Rafael Condé - O enredo é dividido em quatro setores. Nós começamos com toda a imponência do Antigo Egito, contando a história de Amom, um príncipe egípcio, negro, que se fez faraó. Em seguida vamos mostrar a África majestosa com os negros minas, negros congo, Angola, guerreiros africanos, vamos mostrar a África imponente, mas rústica, quero fazer esse setor bem rústico. Chegando ao Brasil, vamos mostrar os quilombos. Quilombos do Espírito Santo, Minas Gerais, e o grande Quilombo dos Palmares. E o final é a cultura negra. Só que a Ana Rosa (diretora de carnaval) e eu tomamos uma liberdade carnavalesca. Vamos mostrar que Palmares foi a reencarnação de Amom. Esse deus egípcio retorna na figura grandiosa de Zumbi dos Palmares. A história se confunde, entrando num delírio carnavalesco.
RdS - Por ser a atual campeã, a Unidos do Ladeira tem uma responsabilidade maior ao entrar na avenida. Como a escola está lidando com isso?
Rafael Condé - O Ladeira foi o campeão do carnaval, então ele tem que entrar como campeão. Essa é a obrigação do Ladeira. Essa é uma preparação minha, do Nelson e do presidente, juntamente com a diretoria e bateria, porque somos um time. Eu estou defendendo o campeonato, eu tenho que entrar como campeão do carnaval e não como “eu sou bi-campeão”. Estou trabalhando os mínimos detalhes.
RdS - Você pretende trazer alguma inovação?
Rafael Condé - Sendo sincero, eu vou tentar sim.
RdS - Algo que não seja comum em Juiz de Fora?

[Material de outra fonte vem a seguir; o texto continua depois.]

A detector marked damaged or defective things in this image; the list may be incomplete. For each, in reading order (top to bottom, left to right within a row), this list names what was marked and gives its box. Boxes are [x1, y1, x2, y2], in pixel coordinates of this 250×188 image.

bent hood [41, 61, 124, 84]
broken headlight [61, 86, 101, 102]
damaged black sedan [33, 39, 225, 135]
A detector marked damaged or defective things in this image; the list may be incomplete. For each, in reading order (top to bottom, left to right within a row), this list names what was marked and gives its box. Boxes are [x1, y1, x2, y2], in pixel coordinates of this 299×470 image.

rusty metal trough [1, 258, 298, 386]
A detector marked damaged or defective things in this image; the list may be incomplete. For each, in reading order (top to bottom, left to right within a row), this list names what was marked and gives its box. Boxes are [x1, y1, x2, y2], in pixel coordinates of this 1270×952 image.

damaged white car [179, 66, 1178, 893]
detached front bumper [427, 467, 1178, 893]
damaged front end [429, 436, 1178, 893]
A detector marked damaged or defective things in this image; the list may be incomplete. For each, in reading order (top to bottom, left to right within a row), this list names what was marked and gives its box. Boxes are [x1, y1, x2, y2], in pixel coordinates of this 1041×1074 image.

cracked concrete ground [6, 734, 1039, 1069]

Rafael Condé - Isso. O carnaval do Ladeira vai ser um carnaval bem grandioso. De fato, uma escola que foi campeã tem que se superar. Vou tentar esse ano um investimento maior em alegorias, mas sem maiores detalhes (risos).
RdS - Qual a sua avaliação do carnaval de Juiz de Fora?

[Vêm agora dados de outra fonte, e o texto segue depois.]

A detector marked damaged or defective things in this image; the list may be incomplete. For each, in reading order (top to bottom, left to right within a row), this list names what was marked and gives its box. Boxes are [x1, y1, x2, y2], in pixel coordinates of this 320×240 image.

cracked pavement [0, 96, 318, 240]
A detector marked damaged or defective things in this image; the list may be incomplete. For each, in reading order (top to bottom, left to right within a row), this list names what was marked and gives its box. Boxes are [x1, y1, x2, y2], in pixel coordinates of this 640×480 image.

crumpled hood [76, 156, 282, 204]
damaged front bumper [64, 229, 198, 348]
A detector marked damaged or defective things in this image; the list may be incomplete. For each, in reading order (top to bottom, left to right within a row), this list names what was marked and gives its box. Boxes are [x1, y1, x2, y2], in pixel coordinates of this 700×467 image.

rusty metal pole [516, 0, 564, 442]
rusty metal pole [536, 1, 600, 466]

Rafael Condé - Juiz de Fora precisa ter uma visão de profissionalismo. As pessoas não respeitam o carnaval de Juiz de Fora como profissional. Existem escolas de samba em que o presidente fica sentado esperando verba. Não é necessário citar nomes porque isso está na cara para todo mundo de dentro do carnaval ver. Agora, existem escolas que trabalham, chamam pessoas, fazem um bingo, coisas simples, mas que estão trabalhando, querem começar cedo. Temos que mudar a visão que se tem hoje. Precisamos de profissionalismo.

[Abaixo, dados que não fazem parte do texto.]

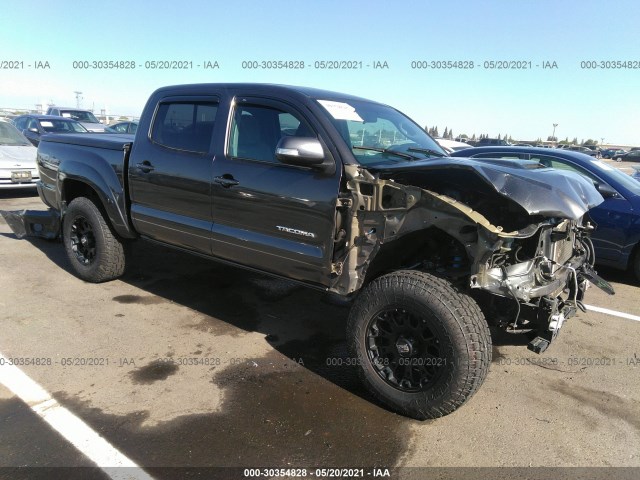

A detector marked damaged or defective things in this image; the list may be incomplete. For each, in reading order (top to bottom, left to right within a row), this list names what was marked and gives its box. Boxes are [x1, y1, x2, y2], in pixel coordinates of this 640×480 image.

crumpled hood [0, 144, 37, 167]
crumpled hood [370, 157, 604, 220]
damaged pickup truck [7, 84, 612, 418]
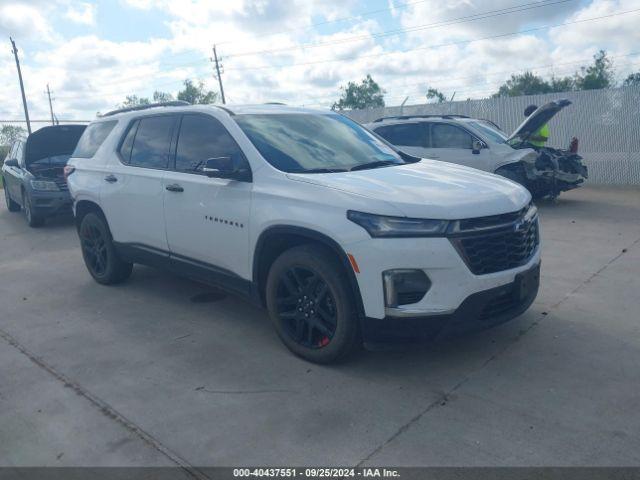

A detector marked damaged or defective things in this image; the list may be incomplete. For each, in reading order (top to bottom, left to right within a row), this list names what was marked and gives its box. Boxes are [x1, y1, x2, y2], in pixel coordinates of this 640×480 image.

damaged vehicle [2, 124, 86, 228]
damaged vehicle [364, 99, 592, 199]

RdS - De todos os enredos que você já fez qual o ser preferido?
Rafael Condé - Nossa... Meu preferido foi D. Maria (enredo campeão de 2008). Foi o único enredo que eu pude sentar e criar do jeito que eu achava que tinha que criar. Foi um delírio. Todos os enredos que já fiz tinham uma história certa, definida, já D. Maria eu brinquei... Eu tinha anjo, demônio, Napoleão, borboleta devoradora de cérebro, índio canibal, feiticeiro africano, inferno tropical...
RdS - Fale um pouco da sua carreira, como começou...
Rafael Condé - Comecei em 1995 catando caco de vidro dentro do barracão do Ladeira. Não conhecia ninguém, não sabia fazer nada. Em 1998, eu conheci o Waltencir Barbosa, que é o melhor carnavalesco de Juiz de Fora, meu mestre, meu pai. Entrei na casa do Waltencir e na cara dura falei que queria fazer carnaval. E ele me ensinou a fazer fantasias, me ensinou todo o processo, todas as técnicas. Já trabalhei no Real Grandeza, Rivais da Primavera, Vale do Paraibuna, em outras cidade como Cabo Frio e Petrópolis, e em 2006 fui ser figurinista no Ladeira. Em 2007, como carnavalesco, fui vice e esse ano cheguei ao topo, que é o sonho de todo e qualquer carnavalesco.
RdS - O que é ser carnavalesco?
Rafael Condé - Em uma palavra: amor. Fazer com amor. Não me vejo na minha vida sem fazer carnaval. É um vício (risos).